> _RECORDED INFORMATION_
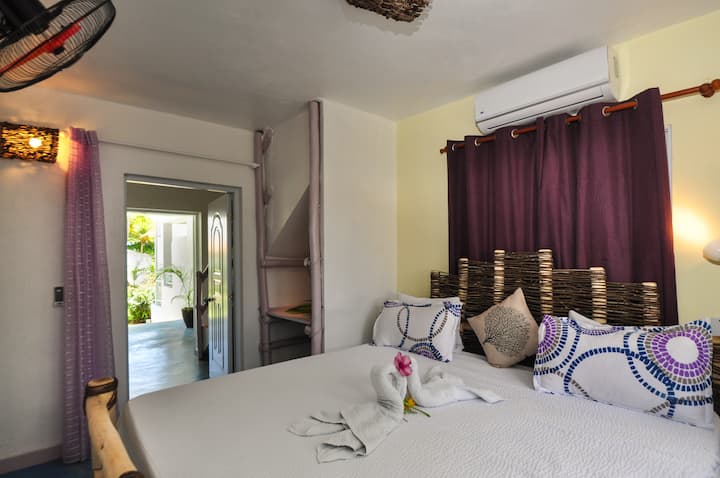 ห้องนอนชั้นล่างเตียงคิงไซส์โต๊ะทำงานขนาดเล็กและห้องอาบน้ำ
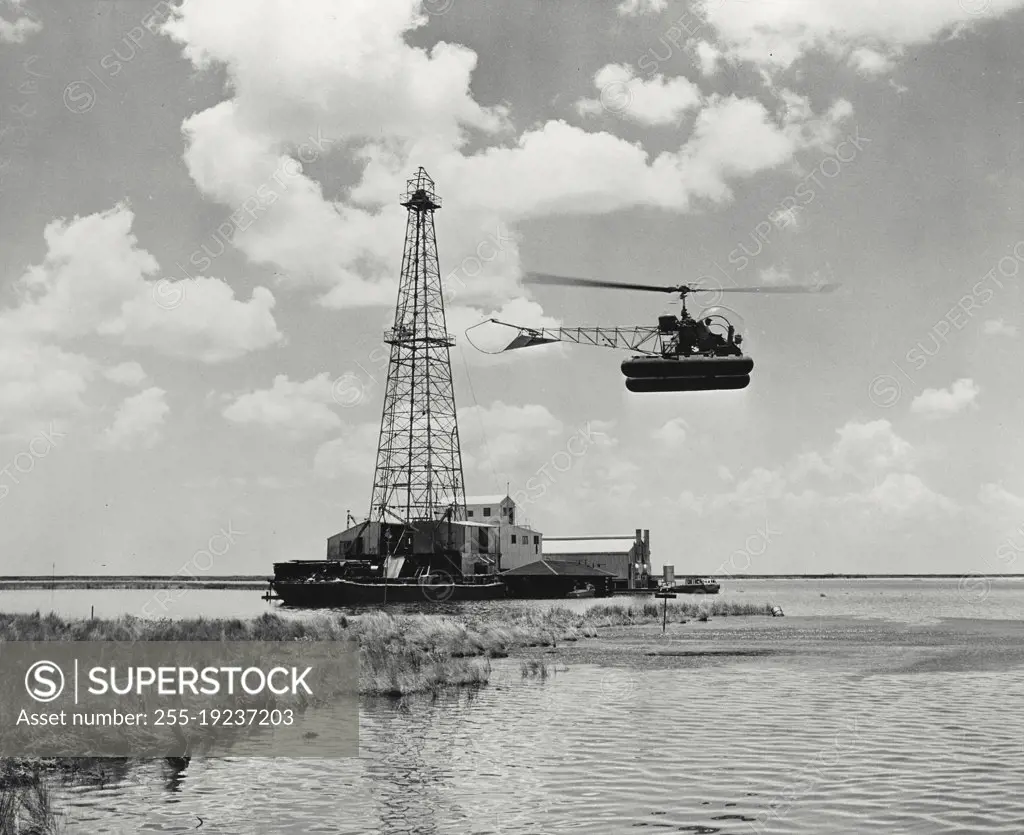 Vintage photograph. A Bell Aircraft Model 47D-1 helicopter comes in for a landing beside an oil well in the Louisiana marshes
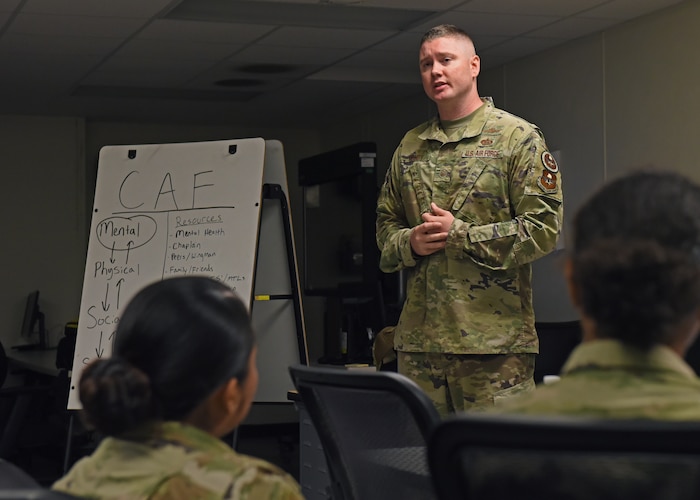 U.S. Air Force Master Sgt. Andrew Mundy, 316th Training Squadron instructor, talks with students about comprehensive Airmen fitness, Goodfellow Air Force Base, Texas, Oct. 27, 2022. CAF’s mission is to build and sustain a resilient Air Force community by fostering mental, social, spiritual, and physical fitness. (U.S. Air Force photo by Airman 1st Class Zachary Heimbuch)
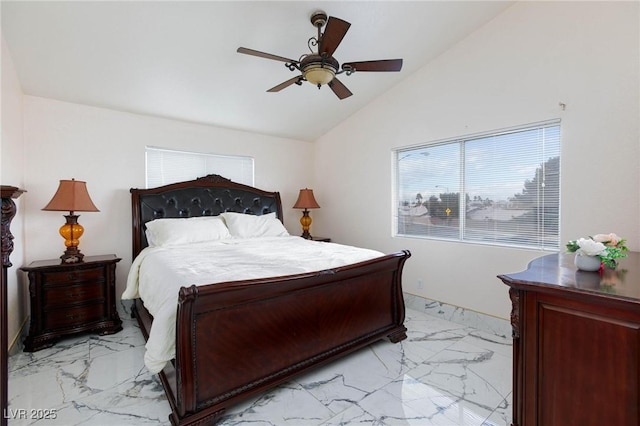bedroom with marble finish floor, ceiling fan, multiple windows, and vaulted ceiling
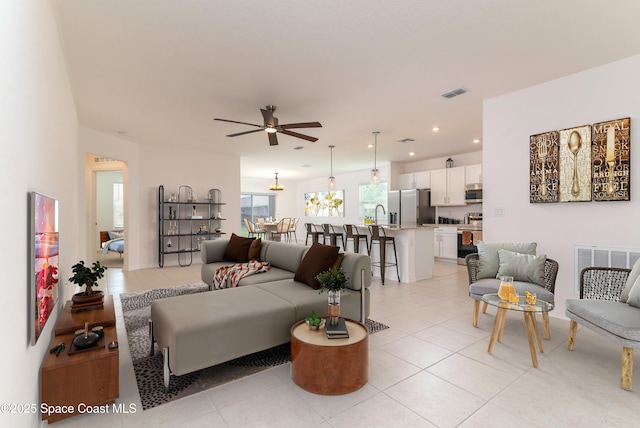 724 San Filippo Dr SE, Palm Bay, FL 32909 - living room with a ceiling fan, light tile patterned floors, and recessed lighting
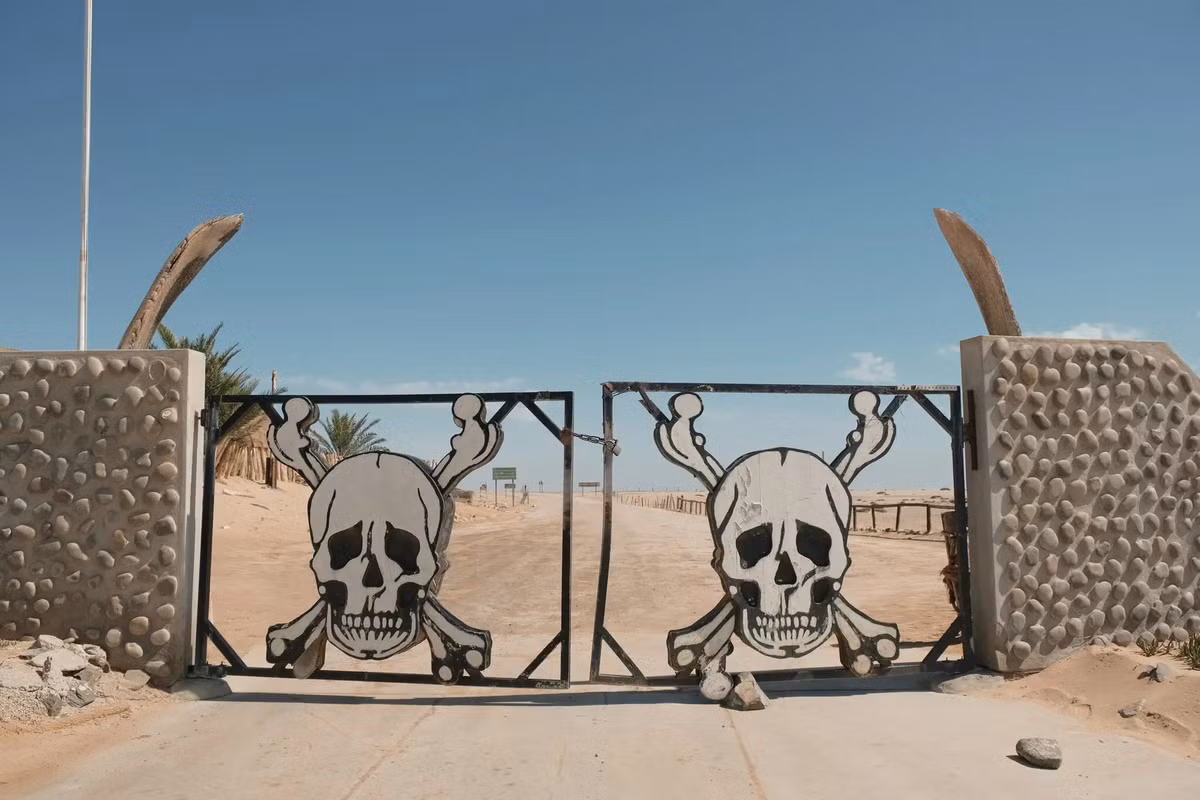 Cổng Ugab, lối vào phía nam của bờ biển Skeleton, với hình ảnh cảnh báo về những nguy hiểm và điều kiện khắc nghiệt đang chờ đợi du khách ở phía bên kia. Điều kiện khắc nghiệt và khô hạn là lý do cho sự ra đời của tên gọi Skeleton (tạm dịch: bộ xương). Tới Skeleton, người ta sẽ nhìn thấy sự nổi bật của các bộ xương động vật và xác tàu đắm rải rác trên bờ biển. Nhiều loài động vật đã thử và thất bại, thậm chí là bỏ mạng khi cố gắng biến nơi này thành nhà hoặc điểm dạo chơi. Vùng đất này trở thành một trong những điểm du lịch khắc nghiệt, cô độc nhất hành tinh.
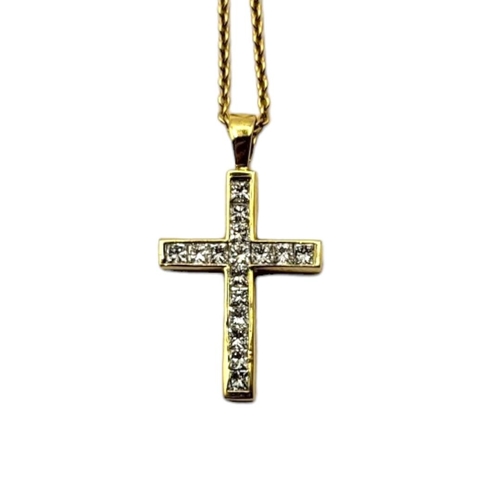 20 - AN 18CT GOLD AND DIAMOND CRUCIFIX PENDANT NECKLACE
Two rows of Princess cut diamonds on a fine link ... 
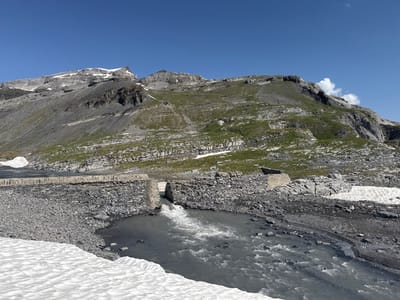 The image depicts a natural mountain landscape under a clear blue sky, likely in the alpine region of Leukerbad, Switzerland. In the foreground, a rocky river flows, its surface agitated and showing whitecaps. The riverbanks are lined with dark grey rocks and some patches of snow. A small, stone-built structure appears to be a dam or a water diversion point, with water visibly flowing through an opening.
Further back, a rough stone wall runs horizontally across the scene, separating the river area from what appears to be a road or pathway. The mountains in the background are characterized by steep, grey rocky slopes interspersed with patches of green vegetation and lingering snow. The upper reaches of the mountains are capped with snow. The overall impression is one of a rugged, high-altitude environment. No people or animals are visible in the image.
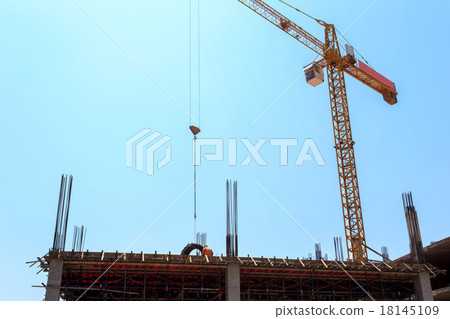 Building crane and construction site under blue sky Building crane and construction site under blue sky 18145109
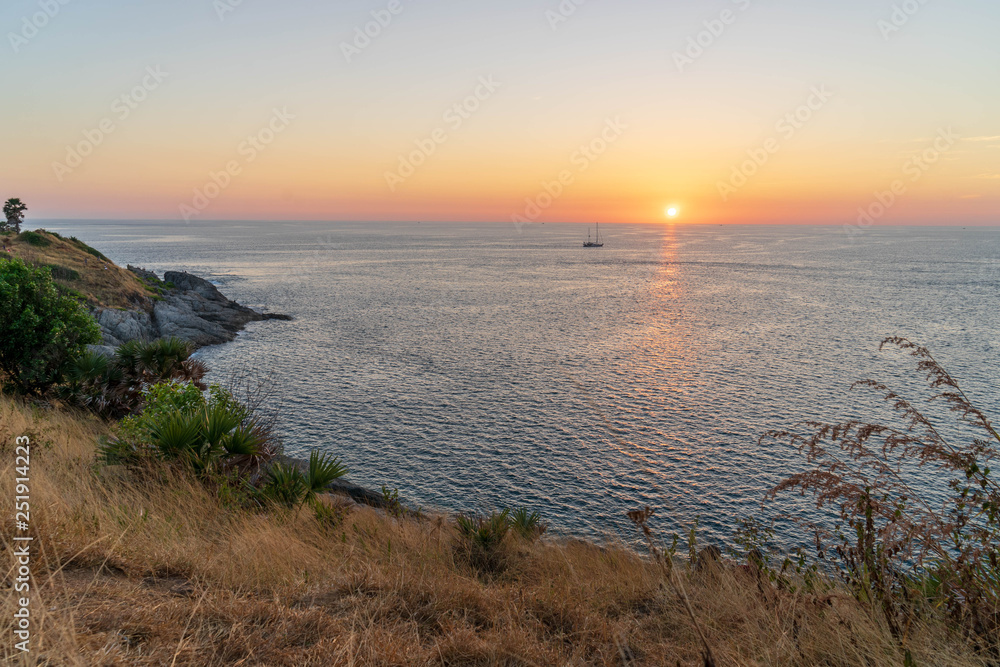 Sunrise view from Promthep cape, Phuket island, Southern Thailand with beautiful sea water, twilight sky.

> _WORK REQUEST_
Only the lines from the top of the records through the line with "724 San Filippo" belong in the copy; write them out exactly, leaving out pictures.

> _WORKED SOLUTION_
 ห้องนอนชั้นล่างเตียงคิงไซส์โต๊ะทำงานขนาดเล็กและห้องอาบน้ำ
 Vintage photograph. A Bell Aircraft Model 47D-1 helicopter comes in for a landing beside an oil well in the Louisiana marshes
 U.S. Air Force Master Sgt. Andrew Mundy, 316th Training Squadron instructor, talks with students about comprehensive Airmen fitness, Goodfellow Air Force Base, Texas, Oct. 27, 2022. CAF’s mission is to build and sustain a resilient Air Force community by fostering mental, social, spiritual, and physical fitness. (U.S. Air Force photo by Airman 1st Class Zachary Heimbuch)
bedroom with marble finish floor, ceiling fan, multiple windows, and vaulted ceiling
 724 San Filippo Dr SE, Palm Bay, FL 32909 - living room with a ceiling fan, light tile patterned floors, and recessed lighting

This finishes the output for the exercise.